Exercise prompt :: Below are records to be repeated exactly. Leave their pictures behind.

Collected data entries ::

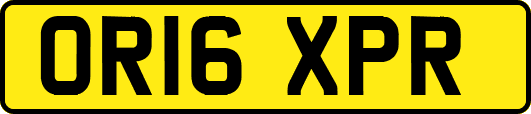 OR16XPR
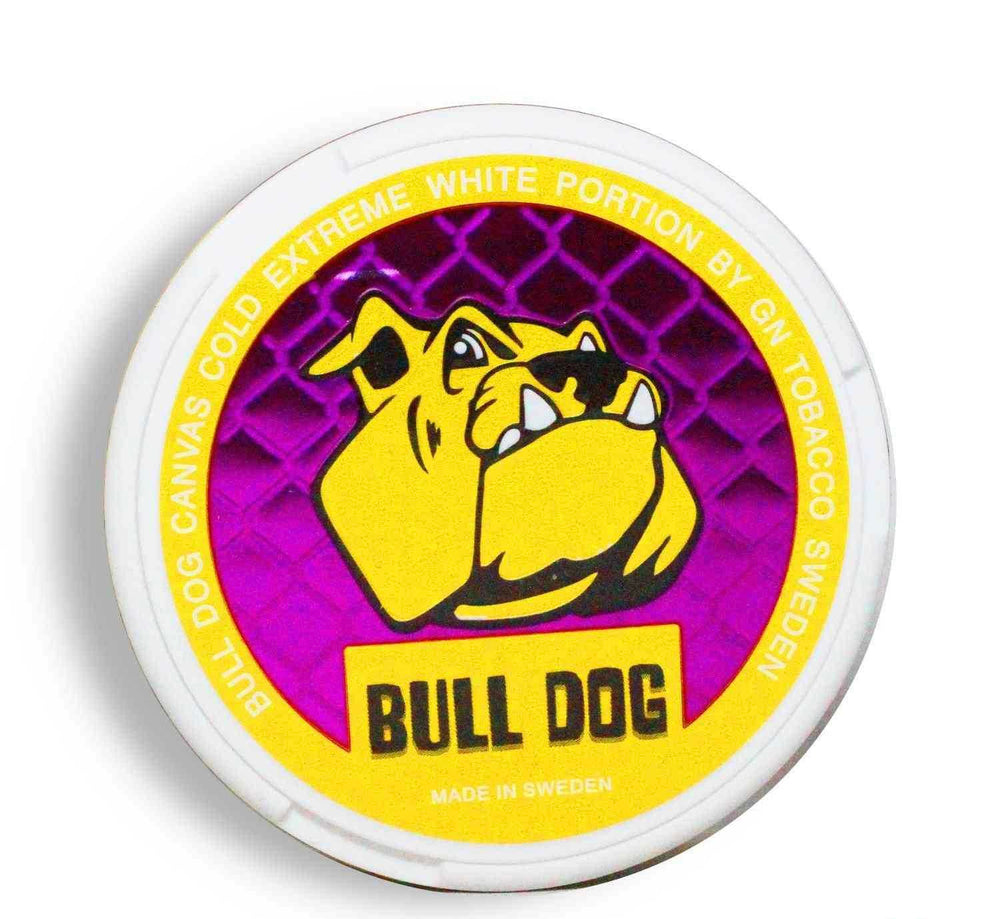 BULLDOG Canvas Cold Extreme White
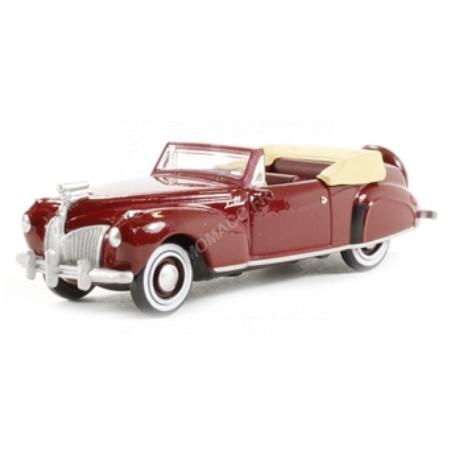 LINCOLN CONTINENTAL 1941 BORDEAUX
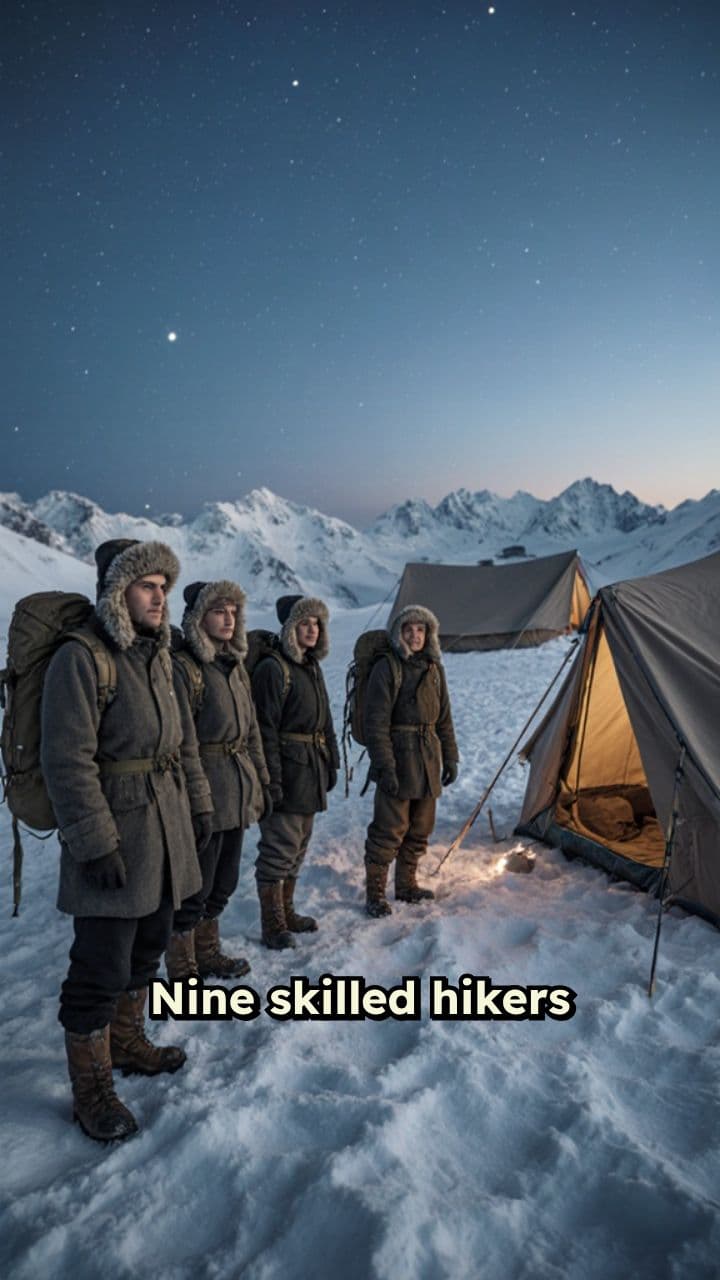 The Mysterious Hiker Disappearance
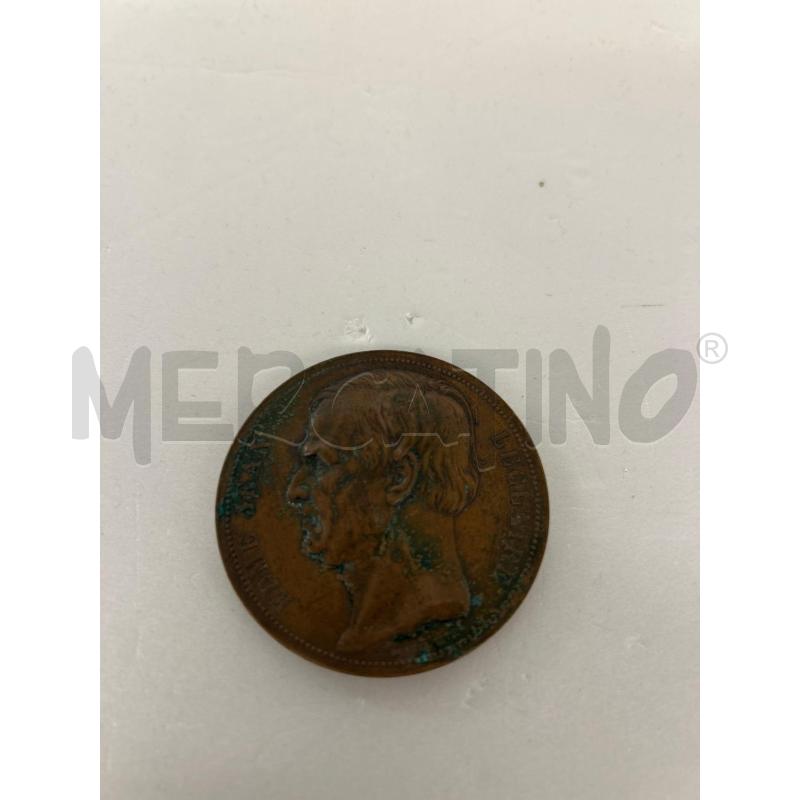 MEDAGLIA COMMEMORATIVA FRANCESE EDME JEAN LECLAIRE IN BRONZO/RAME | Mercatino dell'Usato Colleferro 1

Written response ::
 OR16XPR
 BULLDOG Canvas Cold Extreme White
 LINCOLN CONTINENTAL 1941 BORDEAUX
 The Mysterious Hiker Disappearance
 MEDAGLIA COMMEMORATIVA FRANCESE EDME JEAN LECLAIRE IN BRONZO/RAME | Mercatino dell'Usato Colleferro 1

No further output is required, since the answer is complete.